**TASK BRIEF**
Starting with the line that holds "French braid hottie" and stopping after the line that holds "yso【礼物系列】珊瑚绒睡袍冬季新款睡衣女蝴蝶结睡袍甜美家居服D", repeat the lines below word for word, without the pictures.

**DATA FOR THIS TASK**
# # # #
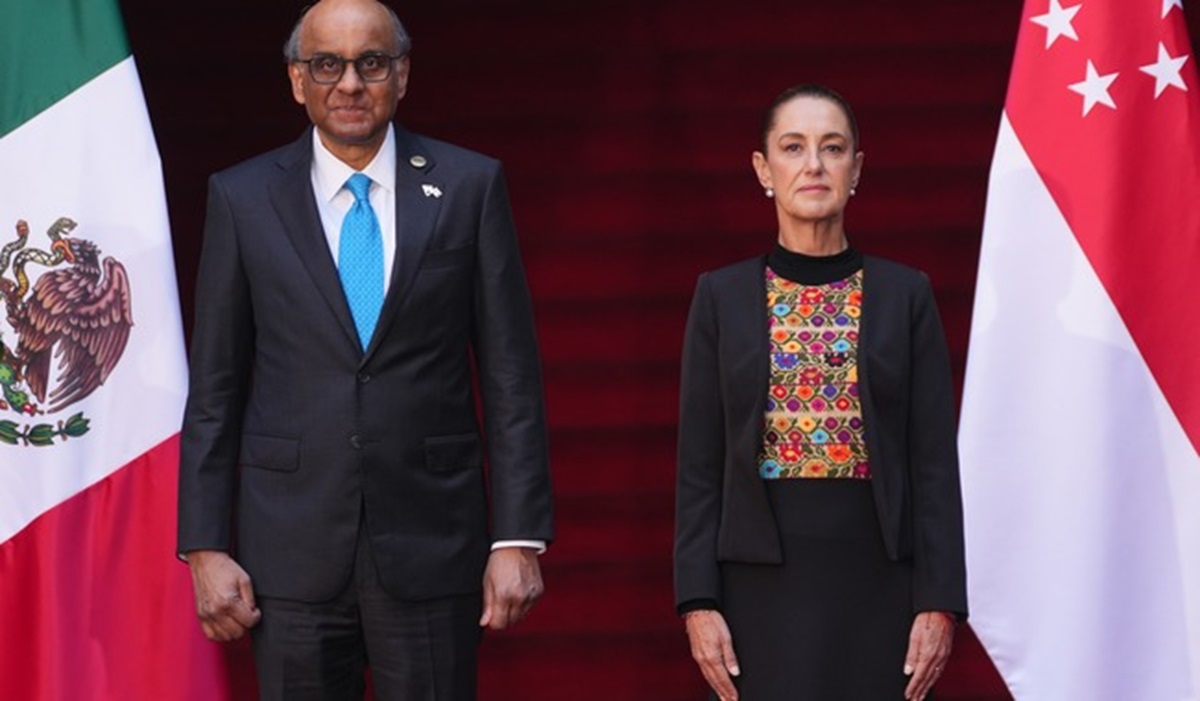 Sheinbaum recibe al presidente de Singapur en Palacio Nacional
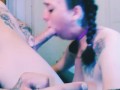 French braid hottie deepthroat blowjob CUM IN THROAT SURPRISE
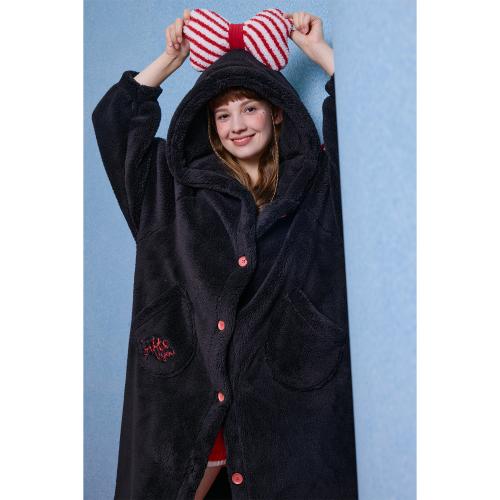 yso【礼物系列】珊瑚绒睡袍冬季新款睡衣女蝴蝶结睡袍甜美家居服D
# # # #
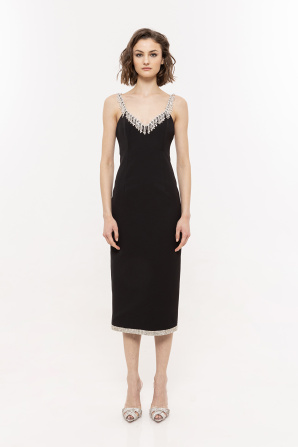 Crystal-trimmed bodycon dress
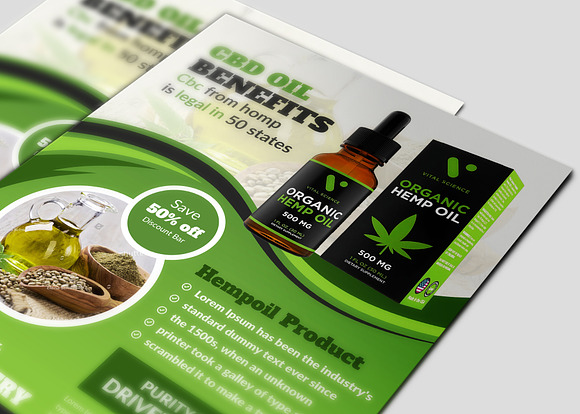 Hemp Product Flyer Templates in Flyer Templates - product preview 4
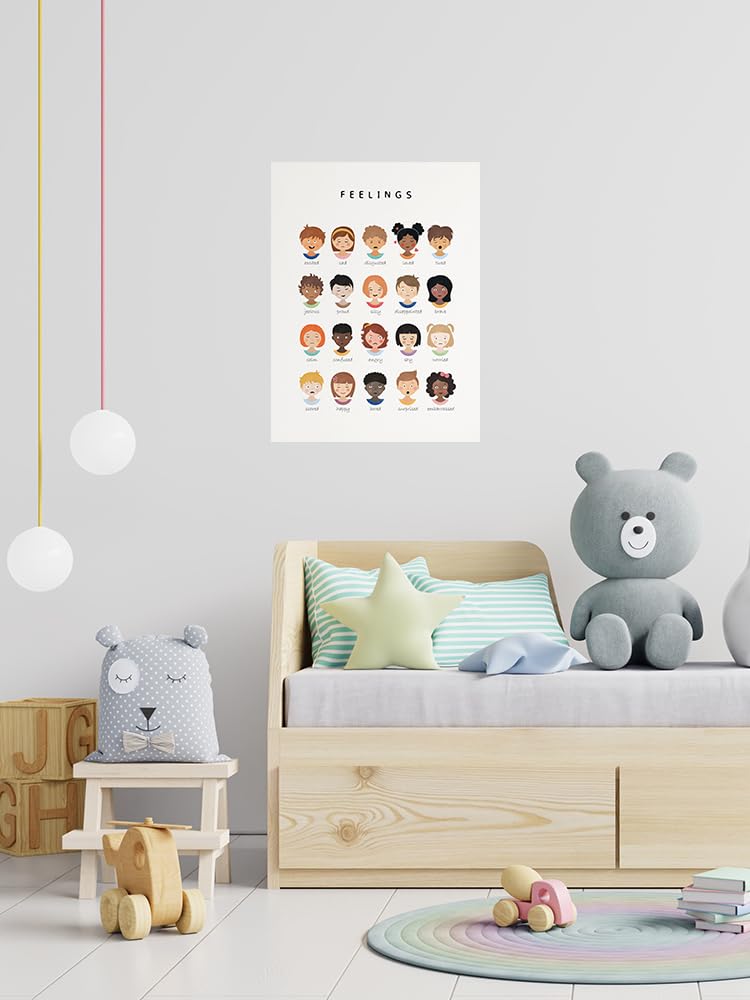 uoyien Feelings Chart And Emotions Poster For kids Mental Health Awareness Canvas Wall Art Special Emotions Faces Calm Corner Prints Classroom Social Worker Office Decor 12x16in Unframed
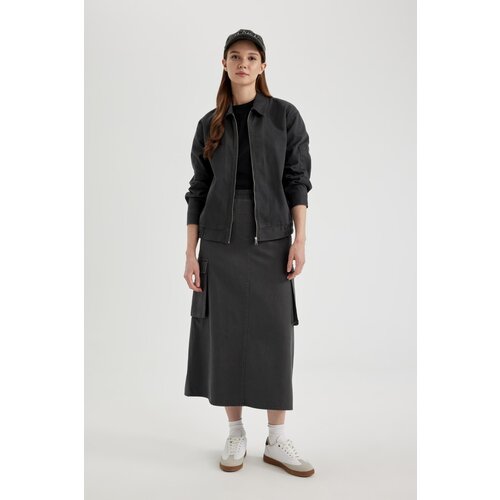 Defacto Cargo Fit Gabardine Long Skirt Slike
# # # #
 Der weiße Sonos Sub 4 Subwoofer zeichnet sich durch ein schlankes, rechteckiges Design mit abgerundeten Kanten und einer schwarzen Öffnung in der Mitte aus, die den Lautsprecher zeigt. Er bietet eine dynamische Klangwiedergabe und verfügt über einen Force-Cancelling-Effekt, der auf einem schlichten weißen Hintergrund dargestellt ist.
# # # #
**WRITTEN SOLUTION**
 French braid hottie deepthroat blowjob CUM IN THROAT SURPRISE
 yso【礼物系列】珊瑚绒睡袍冬季新款睡衣女蝴蝶结睡袍甜美家居服D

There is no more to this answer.